Slapping. For the first 10 years of my bass playing life, I swore I would never do it. (I also swore I would never play a 5-string bass.) I enjoyed listening to slapping now and then, but in general, I thought it was annoying. And I know I’m not the only one who has ever had this aversion to slap bass. A nationally known guitarist I was on the road with for three years said that hearing an unplugged bass slapped in the dressing room before a show was his least favorite sound on earth—beating out nails on a chalkboard or a fire alarm at the mall. Ouch.



I just recently returned from NAMM. The show is filled with all kinds of sights and sounds, but it seems that the most prevalent one echoing through the Anaheim Convention Center’s giant halls every year is the sound of hundreds of basses being slapped. I totally understand that it’s hard to assess the quality and musicality of a bass by playing a tender ballad at moderate volume when you have a Latin percussionist feverishly playing a loud set of congas in a booth on one side of you, and a crazy slapping bassist on the other. But, the solution is not speed slapping.

Most of the slapping heard at NAMM isn’t the laid-back style we know from players like Louis Johnson, but rather an onslaught of notes coming at you like several rounds being fired from a machine gun. It is exceptionally unmusical in most cases, and in almost every case, it’s out of time, not grooving, and certainly not head-bob inducing at all. The strange thing is that many of these guys attract a crowd of people to watch them sweat while trying to rip out as many notes as humanly possible from a bass.

Meanwhile, some of the most legendary bassists on earth roam the halls like mere mortals, completely approachable and more than willing to talk music with you in most cases. When I left the convention floor on the first day of the show this year to wait outside for my Uber driver, Darryl Jones from the Rolling Stones was standing right next to me. Nobody recognized him. No crowd was gathered around him. Apparently he was safe because he wasn’t busy machine-gun slapping his bass. This is the guy who has implied in interviews that he doesn’t have “music-store chops.” I doubt that’s true, but point well taken. Most of us song guys [check out “The Song Guys”] are either unable to, or will not do the kind of slapping the NAMM-convention slappers practice.

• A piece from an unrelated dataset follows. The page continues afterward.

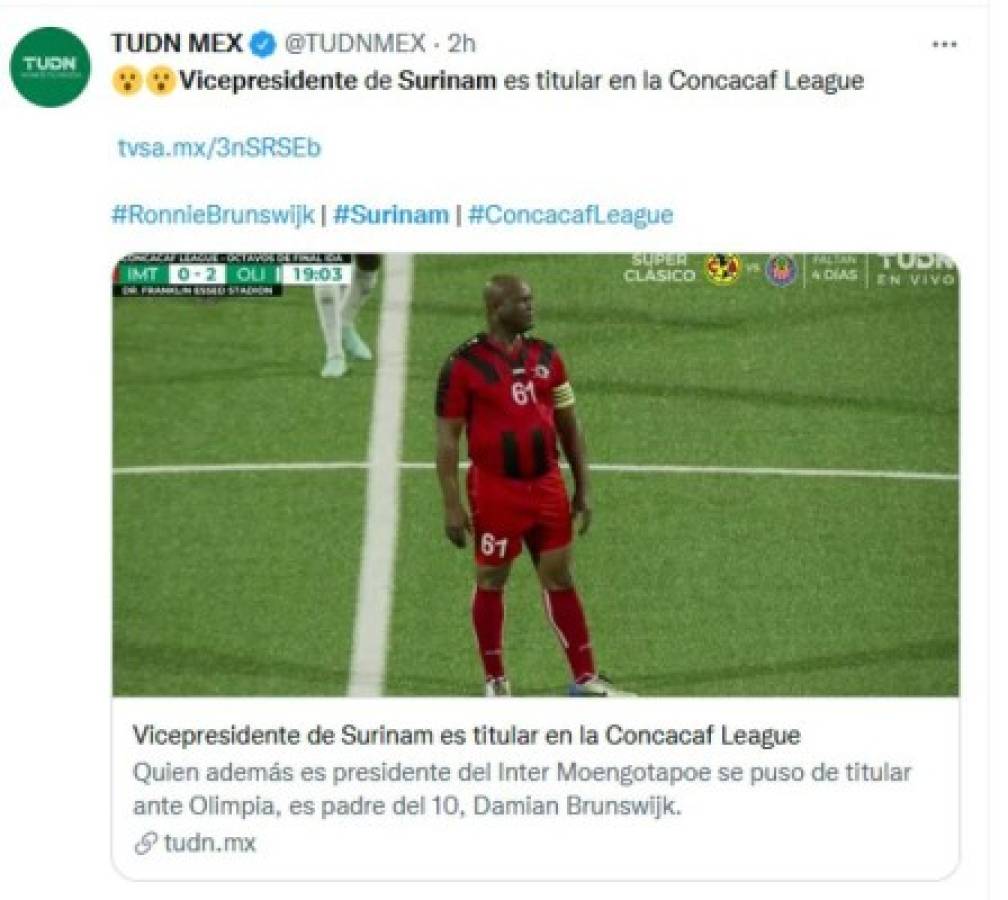 'Terrible, falta de respeto, de locos': Periodistas y medios internacionales cargan contra Concacaf y el vicepresidente de Surinam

If the loudest, most-out-front technique of your bass-playing vocabulary is on point, maybe people will think your core skills
are equally impressive?

You know that person at your local gym who has bulging biceps, but also chicken legs and an out-of-shape core? This is the guy who thinks that if the muscle people see first and most often is in shape, maybe they’ll think that the rest of his fitness level is at an equally advanced level. (I think you know where I’m going with this.) If the loudest, most-out-front technique of your bass-playing vocabulary is on point, maybe people will think your core skills are equally impressive? Speed slapping is often a cover-up for not being able to play in a slow and simple manner to achieve the same perceivably “impressive” result.

I shouldn’t just complain about the unmusicality of slapping in modern society without offering some kind of solution. For us to reclaim slap bass in the name of music,we have to revisit the basics. To quote Swedish bass great Jonas Hellborg, “There should be pauses in your phrases. The heaviest funk bassist is the one who can stand on one note in every second measure and make it swing like hell. Work up a good technique but use it sparingly.” There is a lot of truth to that statement. The ferocious attack of the thumb followed by silence makes the next attack of the thumb so much funkier and heavier in the process.

I now have a confession to make: I like to slap. When I slap, the note hits me in the gut instead of simply vibrating it, and it just leaps out of my speaker. When I have brand-new strings, I can hear every single overtone of my instrument like I would when playing a bass note on a grand piano. When I pop a note on the 1st string, I can cut through the rest of the band to make a huge statement. When I sit at home at night and just play without plugging in, I often slap because I can really hear the lines and the tonality of the wood.

I like to slap so much that I’m going to use next month’s column as a lesson in back-to-basics slap bass. There are plenty of instructional books and videos on the topic, but I have some personal-favorite exercises to develop a clean, simple approach for those who already play, but can’t seem to fit slap bass into a song properly.
By the way, now I also play a 5-string bass 90 percent of the time. The 15-year-old me would be disappointed on several levels.